On the other hand, the dielectric reflection layer 6 is provided with such a function that the reflection factor is enhanced on the basis of interference of the light FC reflected from the respective interfaces of the multilayer films of the dielectric reflection layer 6. Further, the reflection factor of the dielectric reflection layer 6 is determined on the basis of the relationship between the wavelength of the read light FB and the film thickness in the direction that the read light FB transmits.

As a result, when a number of the grooves 16 are formed on the surface of the dielectric reflection layer 6 as described above, the reflection factor of the dielectric reflection layer 6 is reduced below the value designed on the assumption that the dielectric reflection layer 6 is flat. In addition, since the light scattering phenomenon is produced at the respective grooves 16, the brightness of the image due to the reflection light FC is lowered markedly.
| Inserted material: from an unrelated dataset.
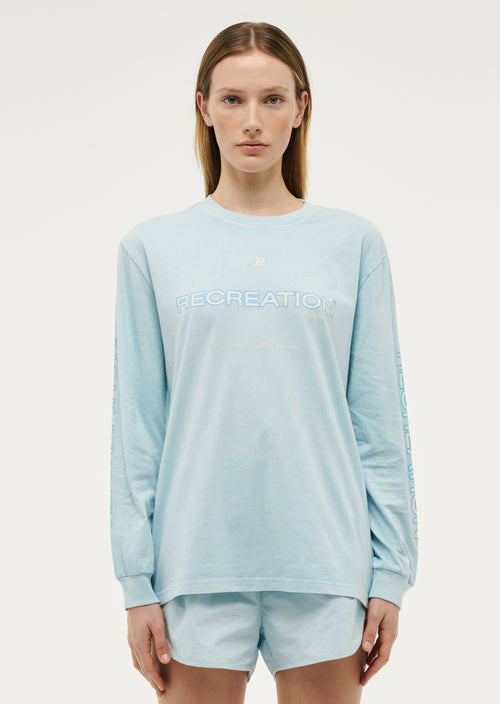 STREAMLINE LONG SLEEVE TOP IN WASHED SKY BLUE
Further, since a defectiveness (e.g., pinholes) is easily produced at the respective grooves 16 during the process of forming the dielectric reflection layer 6, the read light FB is reflected toward the horizontal direction of the surface of the dielectric reflection layer 6 or the vertical direction of the surface of the pixel electrodes 4 as shown by thin arrows in FIG. 3, with the result that the resolution of the image obtained on the basis of the reflected light FC deteriorates. In particular, since the reduction of the reflection factor at the respective grooves 16 conversely causes an increase of the transmission of the read light FB through the dielectric reflection layer 6, when the V-shaped grooves 15 formed at the peripheries of the pixel electrodes 4 are deep enough to reach the photoconductive layer 2, the read light FB leaks toward the photoconductive layer 2. In this case, since the charges are accumulated in the pixel electrodes 4 by the photoelectric transfer of both the write light FA and the leaked read light FB, when the liquid crystal layer 7 is light modulated by the charge thus accumulated, the image contrast is lowered markedly and further the light modulation is disabled at the worst.
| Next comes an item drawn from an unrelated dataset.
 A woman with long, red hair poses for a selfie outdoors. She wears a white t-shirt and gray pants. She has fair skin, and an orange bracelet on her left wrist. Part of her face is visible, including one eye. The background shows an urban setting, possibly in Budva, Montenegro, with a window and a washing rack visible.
On the other hand, if the anisotropic etching method is adopted in the process of forming the pixel electrode layer 5 in accordance with the lift-off method, it may be possible to prevent the side etching. In this method, however, since a reactive ion etching is required, there exists another problem in that the surface of the photoconductive semiconductor layer 2 is damaged due to ion impulses. Further, when defectiveness and impurities exist on the Schottky contact surface, since the diode characteristics deteriorate, it is rather difficult to adopt the anisotropic etching method.

SUMMARY OF THE INVENTION

With these problems in mind, therefore, it is the object of the present invention to provide a spacial light modulation device provided with both high contrast and high resolution and the method of manufacturing the same.

Further, the other object of the present invention is to provide a spacial light modulation device of high reflection factor to the read light.

To achieve the above-mentioned object, the present invention provides a spacial light modulation device in which a photoconductive layer, a pixel electrode layer, a dielectric reflection layer, and a liquid crystal layer are laminated in sequence between first and second drive electrode layers, wherein the pixel electrode layer includes a plurality of pixel electrodes partitioned by an insulating substance layer and arranged at predetermined intervals; and a surface area of each of the pixel electrodes formed on the photoconductive layer side is smaller than that formed on the dielectric reflection layer side.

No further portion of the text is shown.